Jones has dedicated her career to reducing HIV/AIDS among young, urban black and Latina women, who are being infected at an epidemic rate. Some 82 percent of the infections affecting 18- to 29-year-olds are transmitted through heterosexual sex with an HIV-infected partner, she said.
“It is astounding, it is a completely preventable infection,” said Jones. “In New Jersey, we have the highest proportion of women living with AIDS in the United States.”
Jones said she thought she had spent enough years working in urban health settings to be able to explain why young female patients engaged in unprotected sex despite the known risks, but that even she was surprised when she started looking for ways to change their behavior while earning a doctorate as a family nurse practitioner.
“I had very bright, wonderful patients who would come to me again and again with sexually transmitted infections,” she said.
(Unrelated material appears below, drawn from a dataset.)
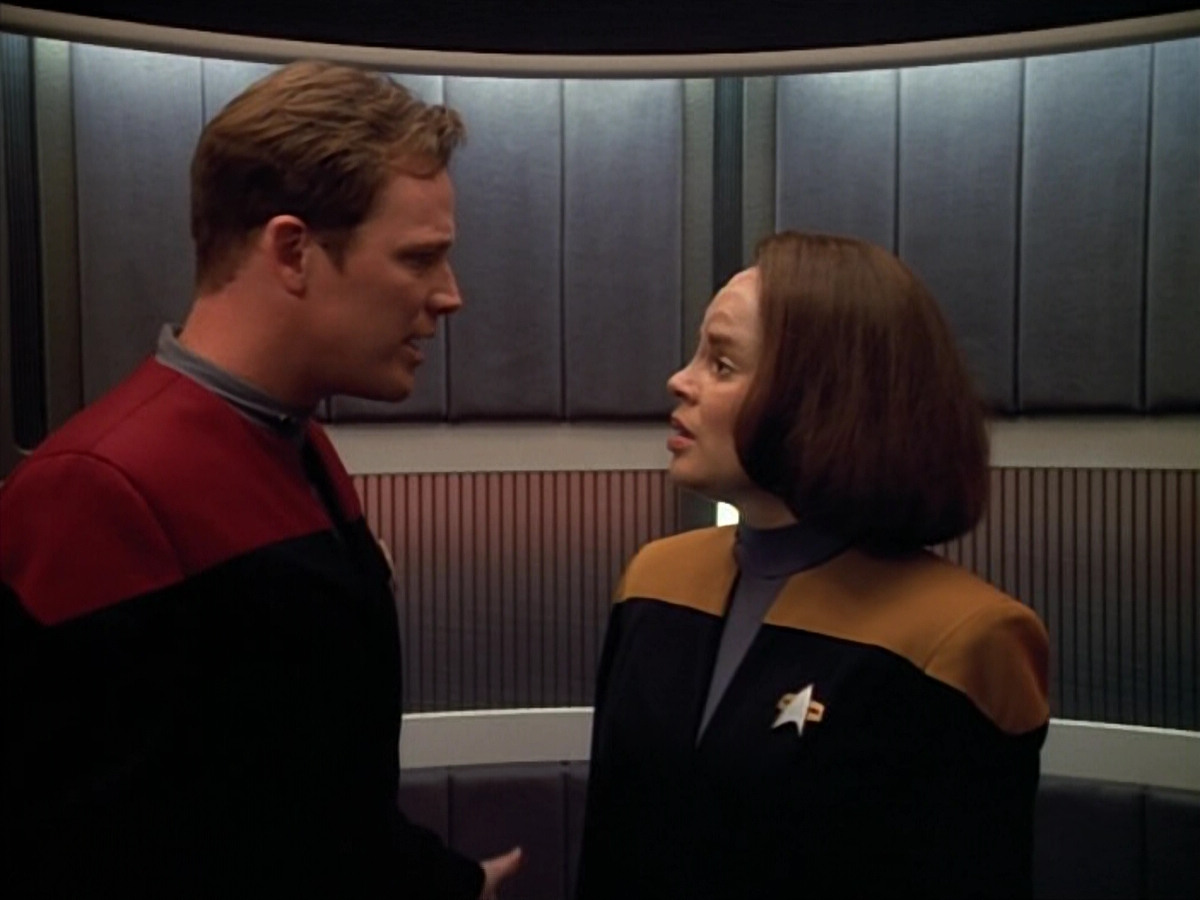extant_StarTrek_VOY_4x07-ScientificMethod_00996.jpg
She said the women understood that they were being exposed to HIV/AIDS, sexually transmitted diseases and pregnancy, but engaged in unprotected sex anyway; even those who knew they weren’t in monogamous relationships didn’t insist their partners wear condoms.
“We have to normalize condom use,” she said.
Jones said women experience pressure to have unprotected sex and that their partners often consider insistence on using a condom as sign of distrust.
“These relationship concerns can feel much more important in the moment for some women than reducing HIV/AIDS, which can feel more distant,” she said.
At the end of the study, all the participants will get a DVD with all the soap opera videos, she said. The videos will also be available on the Web.
“If we know we’re effective, we’re going to dedicate ourselves to getting them out,” Jones said.